Salute

Dl rilancio: nasce l'infermiere di famiglia o di comunità

Dl rilancio: 4 strutture mobili a regioni con 300 posti letto Fino al 31/12 disponibili terapie intensive movimentabili
ROMA, 14 MAG - Il dl rilancio prevede che "saranno implementati i mezzi di trasporto dedicati ai trasferimenti secondari per i pazienti COVID-19, per le dimissioni protette e per i trasporti interospedalieri per pazienti non affetti da COVID-19. Fino al 31 dicembre 2020, saranno resi disponibili 300 posti letto di terapia intensiva, suddivisi in 4 strutture movimentabili, ciascuna delle quali dotata di 75 posti letto, da allocare in aree attrezzabili preventivamente individuate da parte di ciascuna regione e provincia autonoma". Lo si legge nel comunicato finale del Consiglio dei ministri.

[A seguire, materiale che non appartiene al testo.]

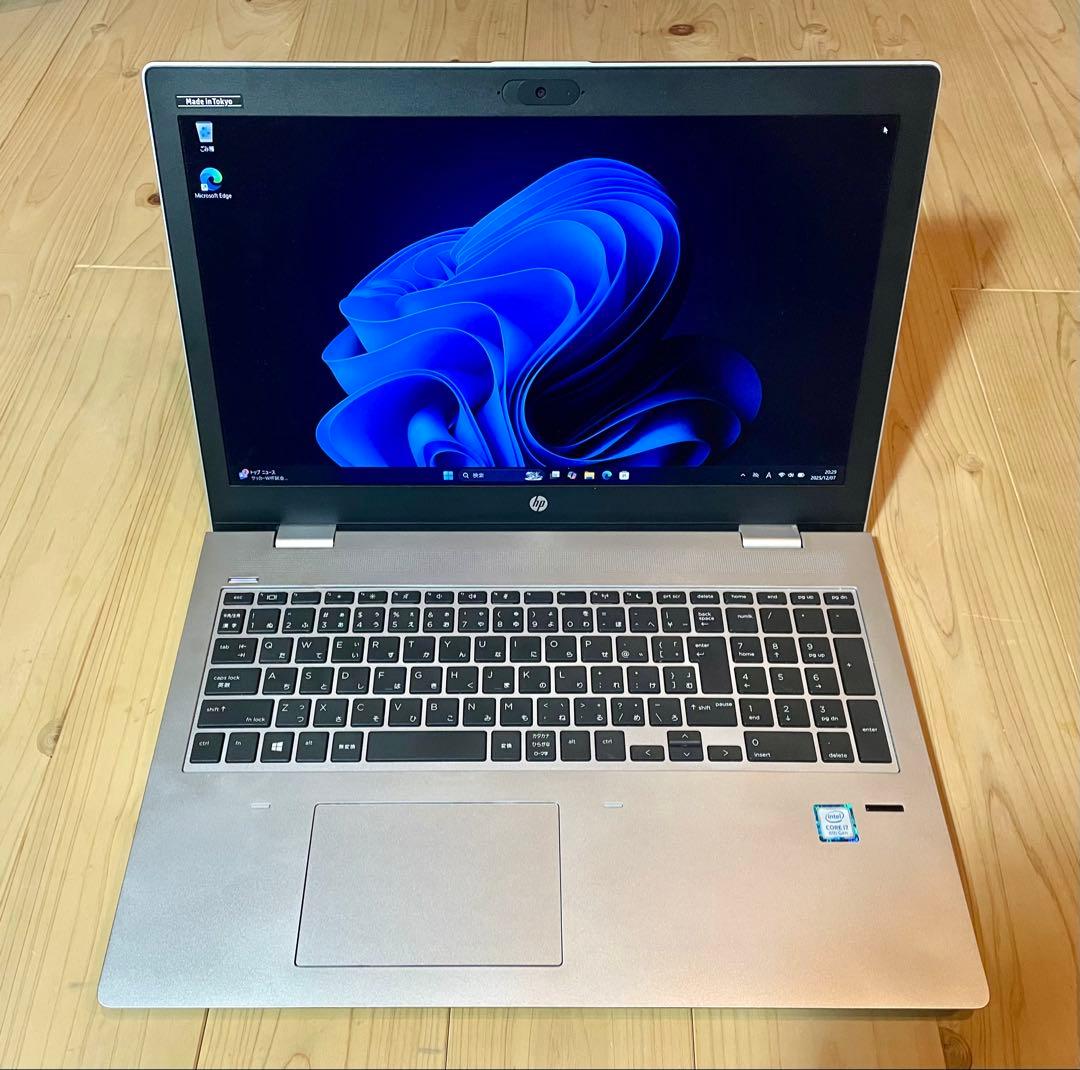 Windowsノート本体 HP ProBook 650 G4 i7 256GB 8GB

Dl rilancio: nasce l'infermiere di famiglia o di comunità
Con il dl rilancio "si rafforzano i servizi infermieristici distrettuali, con l'introduzione dell'infermiere di famiglia o di comunità, per potenziare la presa in carico sul territorio dei soggetti infettati da COVID-19. Per questo, si autorizza l'assunzione di un numero massimo di circa 9.000 infermieri. Si prevede l'assunzione di assistenti sociali e socio-sanitari, l'attivazione di centrali operative regionali di assistenza ai malati e il riconoscimento economico del lavoro di assistenza ai pazienti più fragili svolto dai medici di famiglia". Lo si legge nel comunicato finale del Cdm che ha varato il decreto rilancio.